The British steel industry is on life support – but should the taxpayer foot the bill?
The decline of British Steel is a story of political failure, economic turmoil and the unintended consequences of net zero, writes James Moore. Rather than asking whether the government can rescue it – we should perhaps be asking if it should…
What could still be the death of the British steel industry pains me. As a child in Stocksbridge, on the edge of Sheffield, I grew up around it. My father worked for British Steel. So did my grandparents.
We could see its imprint on the town every time my brother and I were taken down the steep hill we lived at the top of to visit our grandparents: a mass of twisted metal (or so it seemed to my childish eyes) and mountains of coal.
Sheffield still has a share of the industry, but it employs only a fraction of the people that once worked there. The government is now desperately trying to save what remains a big employer in Scunthorpe.

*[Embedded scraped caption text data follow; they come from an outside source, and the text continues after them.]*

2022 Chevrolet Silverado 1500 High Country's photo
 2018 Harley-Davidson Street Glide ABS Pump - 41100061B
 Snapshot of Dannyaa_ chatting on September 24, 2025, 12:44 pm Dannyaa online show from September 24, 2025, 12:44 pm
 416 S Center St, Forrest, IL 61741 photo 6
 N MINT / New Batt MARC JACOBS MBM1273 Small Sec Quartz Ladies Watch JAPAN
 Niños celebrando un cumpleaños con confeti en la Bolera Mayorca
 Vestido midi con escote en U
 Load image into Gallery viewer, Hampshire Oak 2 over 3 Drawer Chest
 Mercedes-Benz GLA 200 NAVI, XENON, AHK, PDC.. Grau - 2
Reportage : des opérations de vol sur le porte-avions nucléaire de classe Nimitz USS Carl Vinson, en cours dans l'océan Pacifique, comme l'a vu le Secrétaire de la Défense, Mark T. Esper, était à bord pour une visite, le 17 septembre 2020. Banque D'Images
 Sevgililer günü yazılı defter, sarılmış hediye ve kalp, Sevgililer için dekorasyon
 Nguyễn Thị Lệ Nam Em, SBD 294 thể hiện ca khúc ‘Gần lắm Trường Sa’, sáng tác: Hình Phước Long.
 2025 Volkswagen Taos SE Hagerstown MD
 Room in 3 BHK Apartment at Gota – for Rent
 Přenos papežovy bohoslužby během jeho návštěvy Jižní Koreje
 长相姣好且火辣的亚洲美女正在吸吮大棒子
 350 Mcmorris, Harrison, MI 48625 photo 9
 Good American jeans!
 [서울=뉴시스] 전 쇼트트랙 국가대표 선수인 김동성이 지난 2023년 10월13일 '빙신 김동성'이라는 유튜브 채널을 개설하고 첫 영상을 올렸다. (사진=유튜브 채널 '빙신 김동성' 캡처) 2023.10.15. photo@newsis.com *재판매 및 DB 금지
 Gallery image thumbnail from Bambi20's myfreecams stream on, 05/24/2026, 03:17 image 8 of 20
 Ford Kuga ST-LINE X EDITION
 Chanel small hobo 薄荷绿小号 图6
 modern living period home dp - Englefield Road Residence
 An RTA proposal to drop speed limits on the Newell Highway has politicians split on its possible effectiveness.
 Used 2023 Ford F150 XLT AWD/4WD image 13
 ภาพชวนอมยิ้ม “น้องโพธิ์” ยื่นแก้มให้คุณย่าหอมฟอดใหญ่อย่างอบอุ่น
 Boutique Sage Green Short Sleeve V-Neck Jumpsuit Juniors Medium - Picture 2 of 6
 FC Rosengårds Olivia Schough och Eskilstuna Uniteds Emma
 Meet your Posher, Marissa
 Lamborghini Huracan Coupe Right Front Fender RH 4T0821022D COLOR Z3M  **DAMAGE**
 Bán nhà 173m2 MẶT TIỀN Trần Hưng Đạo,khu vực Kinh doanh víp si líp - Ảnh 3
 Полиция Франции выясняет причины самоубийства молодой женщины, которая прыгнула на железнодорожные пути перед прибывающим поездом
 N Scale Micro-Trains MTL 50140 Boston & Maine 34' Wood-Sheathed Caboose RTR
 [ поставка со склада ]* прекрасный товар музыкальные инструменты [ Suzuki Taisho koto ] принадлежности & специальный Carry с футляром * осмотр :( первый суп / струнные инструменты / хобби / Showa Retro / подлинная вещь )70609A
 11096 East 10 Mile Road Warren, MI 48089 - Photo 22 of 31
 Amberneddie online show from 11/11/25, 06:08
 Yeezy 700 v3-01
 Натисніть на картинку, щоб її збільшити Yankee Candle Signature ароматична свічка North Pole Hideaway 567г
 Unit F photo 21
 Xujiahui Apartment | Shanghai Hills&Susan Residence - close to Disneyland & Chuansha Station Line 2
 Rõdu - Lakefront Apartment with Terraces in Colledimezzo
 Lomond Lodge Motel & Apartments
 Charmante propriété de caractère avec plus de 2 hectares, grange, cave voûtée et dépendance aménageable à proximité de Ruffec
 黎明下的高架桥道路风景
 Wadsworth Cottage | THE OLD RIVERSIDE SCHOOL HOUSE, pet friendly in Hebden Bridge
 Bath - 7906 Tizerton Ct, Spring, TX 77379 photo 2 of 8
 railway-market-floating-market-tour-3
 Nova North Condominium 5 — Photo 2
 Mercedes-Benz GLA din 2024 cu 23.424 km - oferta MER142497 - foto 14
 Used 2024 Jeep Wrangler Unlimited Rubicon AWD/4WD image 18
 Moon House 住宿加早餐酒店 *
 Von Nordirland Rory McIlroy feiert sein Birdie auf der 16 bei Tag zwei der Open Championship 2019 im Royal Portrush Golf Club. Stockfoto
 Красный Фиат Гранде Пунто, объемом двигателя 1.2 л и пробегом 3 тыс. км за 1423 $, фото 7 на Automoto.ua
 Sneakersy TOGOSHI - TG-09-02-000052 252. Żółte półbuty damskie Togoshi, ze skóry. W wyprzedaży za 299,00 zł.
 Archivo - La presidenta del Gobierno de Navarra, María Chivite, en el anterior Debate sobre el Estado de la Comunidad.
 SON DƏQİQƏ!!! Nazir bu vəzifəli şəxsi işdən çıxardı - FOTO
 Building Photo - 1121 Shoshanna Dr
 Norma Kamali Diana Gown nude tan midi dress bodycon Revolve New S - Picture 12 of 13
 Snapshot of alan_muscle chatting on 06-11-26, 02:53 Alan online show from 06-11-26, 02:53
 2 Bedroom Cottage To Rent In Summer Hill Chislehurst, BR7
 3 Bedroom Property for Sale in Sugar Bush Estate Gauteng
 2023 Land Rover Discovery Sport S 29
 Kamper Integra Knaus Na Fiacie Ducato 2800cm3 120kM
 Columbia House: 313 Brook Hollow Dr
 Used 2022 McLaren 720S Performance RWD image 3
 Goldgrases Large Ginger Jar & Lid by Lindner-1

Here’s the problem: business secretary Jonathan Reynolds has been talking about finding a “commercial partner” for the rump British Steel, with its irreplaceable blast furnace that ministers and their officials are trying to keep firing now that the Chinese owner Jingye has departed with accusations of sabotage following it out the door.
While Reynolds has admitted that nationalisation is the “most likely” outcome of the current crisis, the government doesn’t really want to be in the business of steelmaking, and it will try to find someone willing to take the thing off its hands.
But who might that be? There is no domestically based operator willing and/or able to step up because the economics are horrible. The overseas ones that have been previously tried haven’t worked out so well.
Problem one, as my colleague John Rentoul discussed at the weekend, is the way net zero was enshrined in UK law. The political class duly patted itself on the back for its virtue and then either looked away or wrung its hands as the unintended consequences bit down hard on the manufacturing sector.
Destroying a chunk of what remains of this for the purposes of hitting a self-imposed target looks increasingly bonkers. Sure, the UK would be a greener place if British Steel’s blast furnaces were to fire no more, but with the net impact being more imports from China, which is burning coal like it has gone out of fashion, the world would remain as it is.
Problem two is obviously Donald Trump’s tariffs, which, at 25 per cent on steel, will have a devastating impact on Britain’s exports to this important market. Worse still is that they will also inevitably shift the product from places like China – a country that faces even higher tariffs – over to markets where they don’t apply. The British Retail Consortium is already sounding the alarm over this because it isn’t just steel that is causing problems for domestic producers, who will find themselves undercut and gasping for financial air. There was a glut of steel on the world market before Trump even got started. Bring him into town, and what you have is a perfect storm.
True, the government can adjust its green policies to make life easier for metal bashers and makers, as it has recently been doing with, for example, the ridiculous fines levied on carmakers for failing to sell enough electric vehicles, even though they’re doing everything in their power to encourage buyers. Those fines should be scrapped, by the way.
However, there remains the problem of alleged Chinese dumping, of oversupply, and of the way that markets are apt to move against and crush the small fry, which is what British Steel now is, at times like this.
Nostalgia be damned, including my own. Hard economic facts raise an uncomfortable question that needs to be addressed: Is there any point in trying to save this thing, even if Ed Miliband’s net zero ambitions are quietly put on ice?
The government thinks so. And there is indeed a case to be made in these days of economic nationalism and unreliable allies and/or partners, not to mention the fact that British Steel provides thousands of relatively highly paid jobs in an area where they don’t grow on trees. There are also political considerations at work in a part of Britain that has become a natural hunting ground for Nigel Farage and his Reform party.
However, this means ministers are going to knuckle down and accept the risk of operating a plant in Scunthorpe that Reynolds has admitted is valued at zero, which is going to be on the taxpayer for the foreseeable future.
British Steel production has been allowed to lurch from crisis to crisis for too long. It really needs to stop. By all means, contract with a commercial partner to run the thing. The government isn’t geared up to do that. Running businesses is not where it shines. But the ownership – and the risk – will have to stay with the taxpayer, perhaps for good. Needless to say, that could prove expensive.
On the other hand, there may be rewards flowing from this arrangement down the line (quite a way down the line, but still) if Reynolds and co can construct an industrial policy worthy of the name. We’re still waiting on that, as this episode rather proves.